══ Data extracts ══
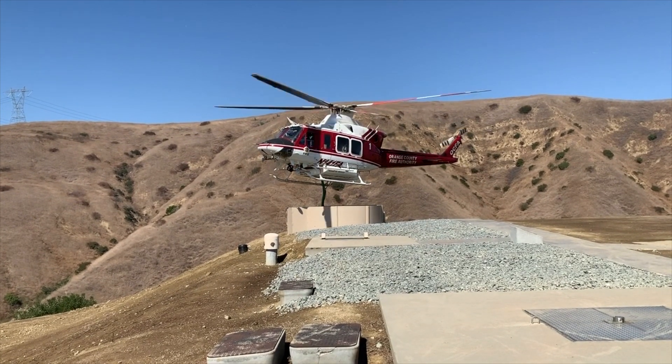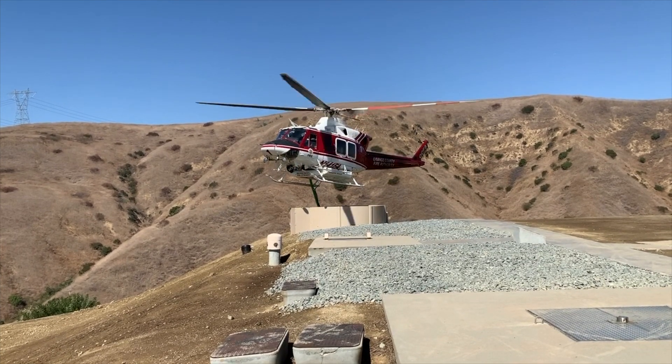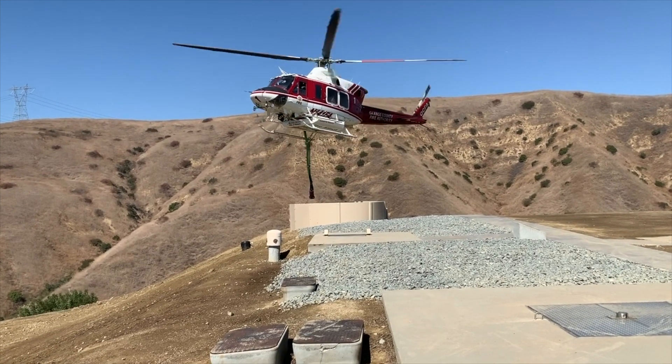The tank fills automatically from a remote control switch from inside the helicopter. So as he needs the water, he activates the switch, the tank fills up before he can get here, and he can suck the water out of a full tank.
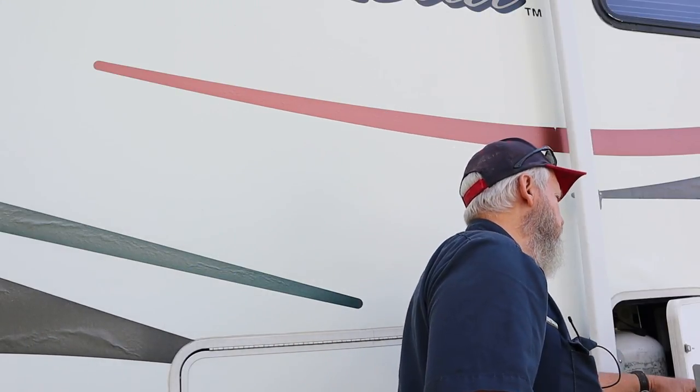He bought all new thumb locks, and the thumb locks are the ones that don't have a key — they just turn. So we're going to get started switching these out.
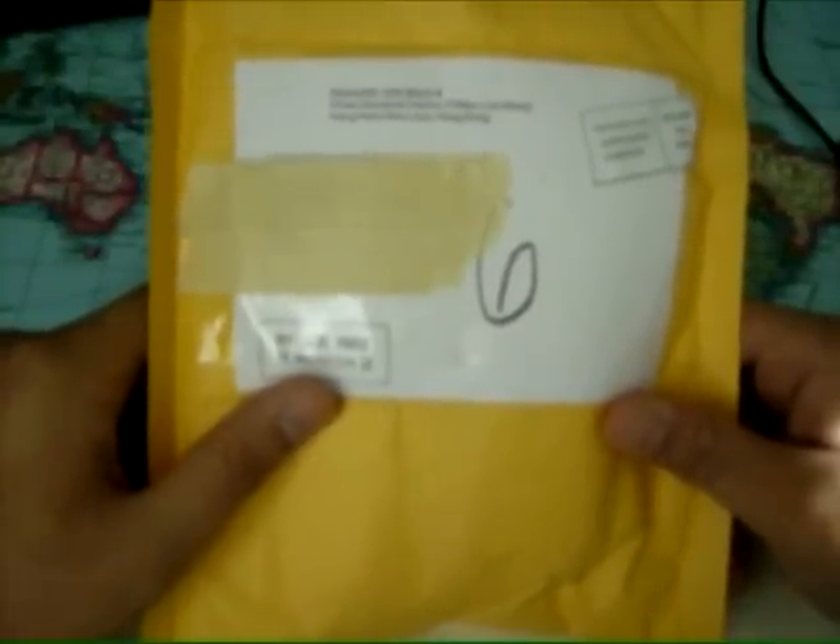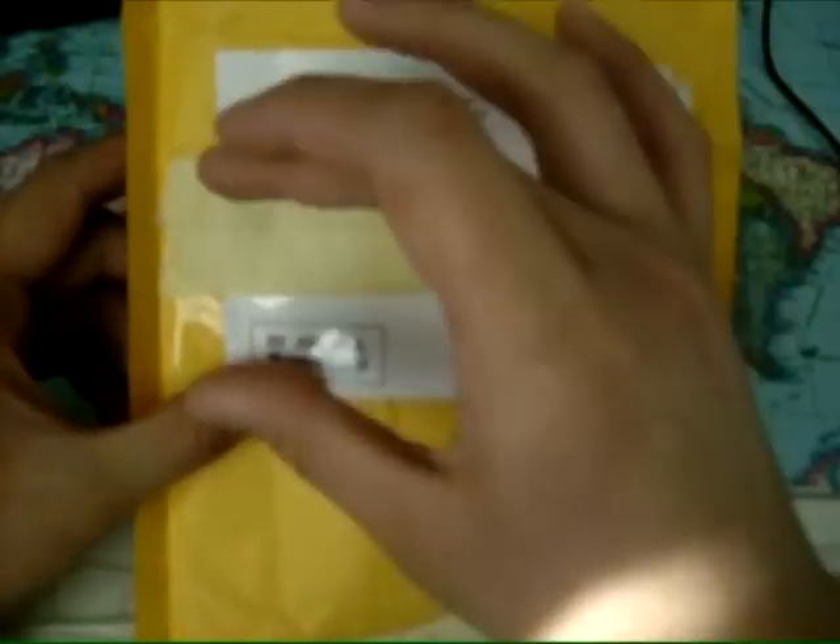Here we are guys, another video, another Deal Extreme unboxing. This took roughly 13 days to get here. They have a new managing system where they'll show you how long the process takes — contacting the manufacturer or factory, then the shipping details afterwards. I have my name and information blocked out.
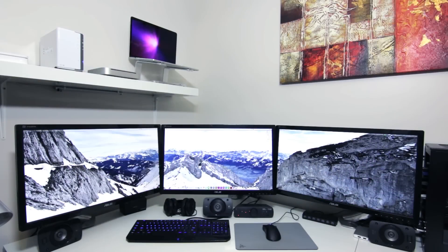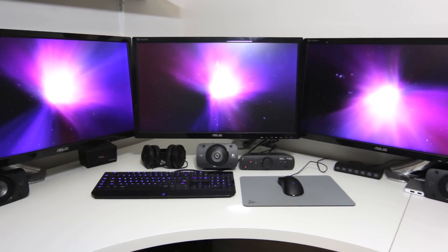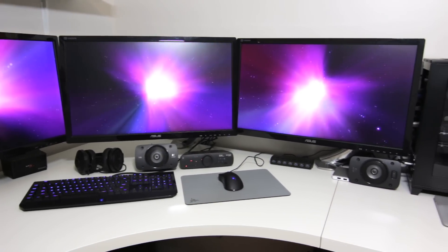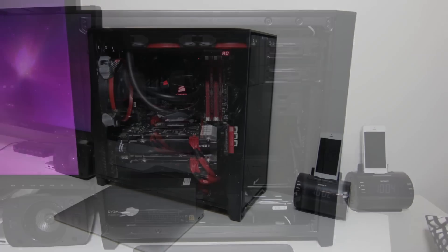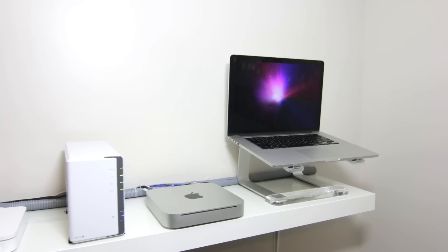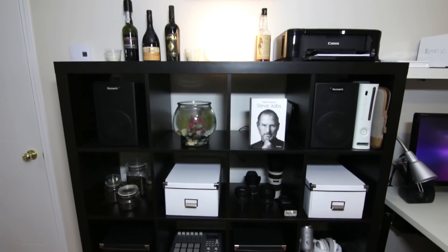Hi guys, this is my setup video for the MKBHD Setup Tour Project 2014. My main setup is three 27-inch monitors running from a Hackintosh. Inside you have an Intel i7 4770K, 16 gigs of RAM, and dual 760s. I don't have enough time to explain everything, but all the components of this setup will be in the description.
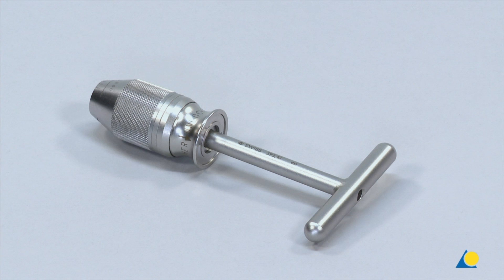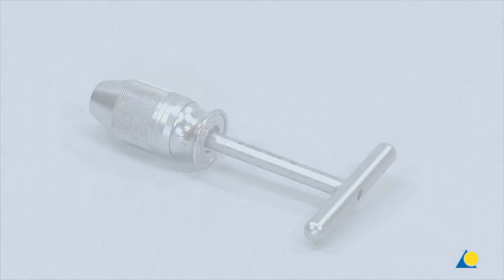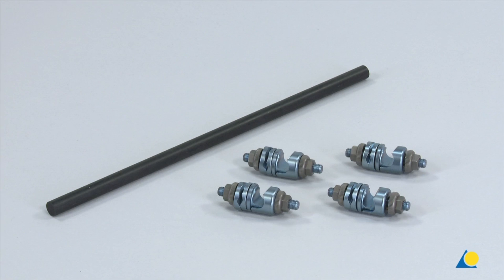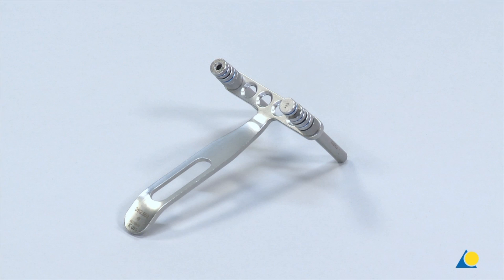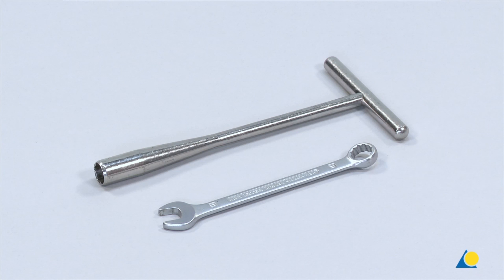The cannulated universal chuck with T-handle may also be used to advance the Schanz screws. For the construction of the uniplanar single rod frame, one 300 mm long, 11 mm diameter carbon fibre rod and four large open self-holding clamps are needed. Also needed are the handle for drill sleeves, the long 8.0/6.0 drill sleeve with thread, the long 6.0/5.0 drill sleeve with thread, the long 5.0/3.5 drill sleeve, and the long 3.5 trocar. To tighten the clamps, the 11 mm cannulated socket wrench and the 11 mm combination wrench are used.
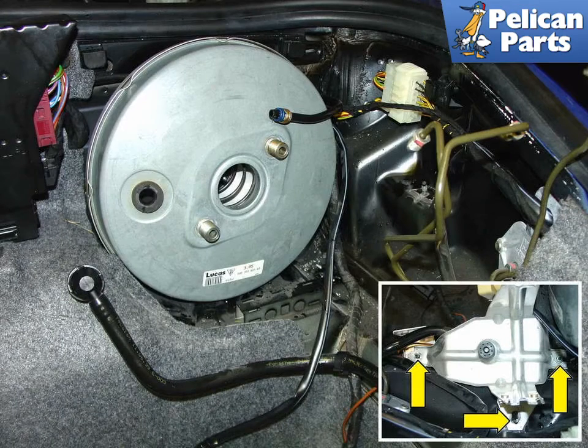Shown here is the front trunk with the master cylinder and ABS control unit removed. At this point, the bolts that hold the booster to the firewall have been removed and the unit is ready to be removed from the car.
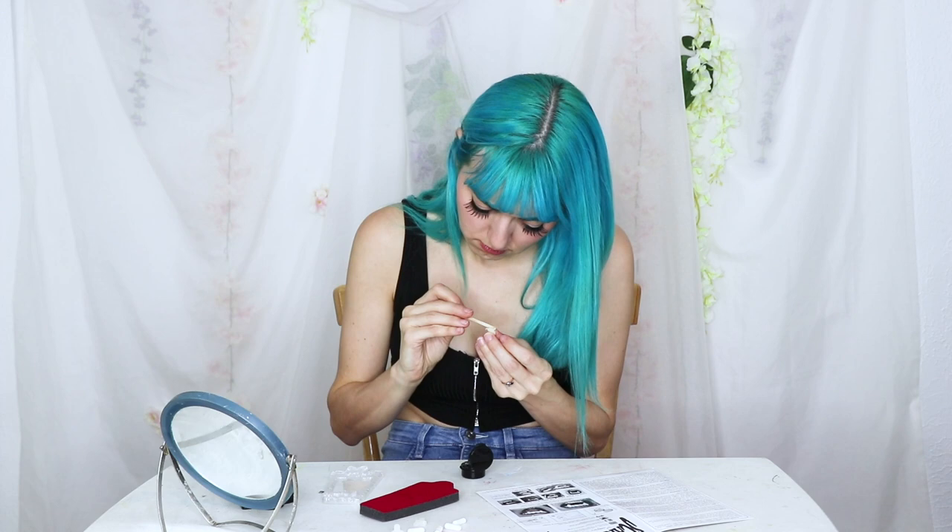After five minutes have passed, you want to do the exact same thing with the other fang. Once you have both fangs fitted the way you want them, you are going to leave them on your teeth for 10 to 15 minutes. This is so that they cure and harden enough while they're on your teeth that once you take them off, they can finish hardening and stay the same shape.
═══
◆ Problem statement: Please copy the data shown above, line by line and exactly, omitting the images.

◆ Answer space:
The tank fills automatically from a remote control switch from inside the helicopter. So as he needs the water, he activates the switch, the tank fills up before he can get here, and he can suck the water out of a full tank.
He bought all new thumb locks, and the thumb locks are the ones that don't have a key — they just turn. So we're going to get started switching these out.
Here we are guys, another video, another Deal Extreme unboxing. This took roughly 13 days to get here. They have a new managing system where they'll show you how long the process takes — contacting the manufacturer or factory, then the shipping details afterwards. I have my name and information blocked out.
Hi guys, this is my setup video for the MKBHD Setup Tour Project 2014. My main setup is three 27-inch monitors running from a Hackintosh. Inside you have an Intel i7 4770K, 16 gigs of RAM, and dual 760s. I don't have enough time to explain everything, but all the components of this setup will be in the description.
The cannulated universal chuck with T-handle may also be used to advance the Schanz screws. For the construction of the uniplanar single rod frame, one 300 mm long, 11 mm diameter carbon fibre rod and four large open self-holding clamps are needed. Also needed are the handle for drill sleeves, the long 8.0/6.0 drill sleeve with thread, the long 6.0/5.0 drill sleeve with thread, the long 5.0/3.5 drill sleeve, and the long 3.5 trocar. To tighten the clamps, the 11 mm cannulated socket wrench and the 11 mm combination wrench are used.
Shown here is the front trunk with the master cylinder and ABS control unit removed. At this point, the bolts that hold the booster to the firewall have been removed and the unit is ready to be removed from the car.
After five minutes have passed, you want to do the exact same thing with the other fang. Once you have both fangs fitted the way you want them, you are going to leave them on your teeth for 10 to 15 minutes. This is so that they cure and harden enough while they're on your teeth that once you take them off, they can finish hardening and stay the same shape.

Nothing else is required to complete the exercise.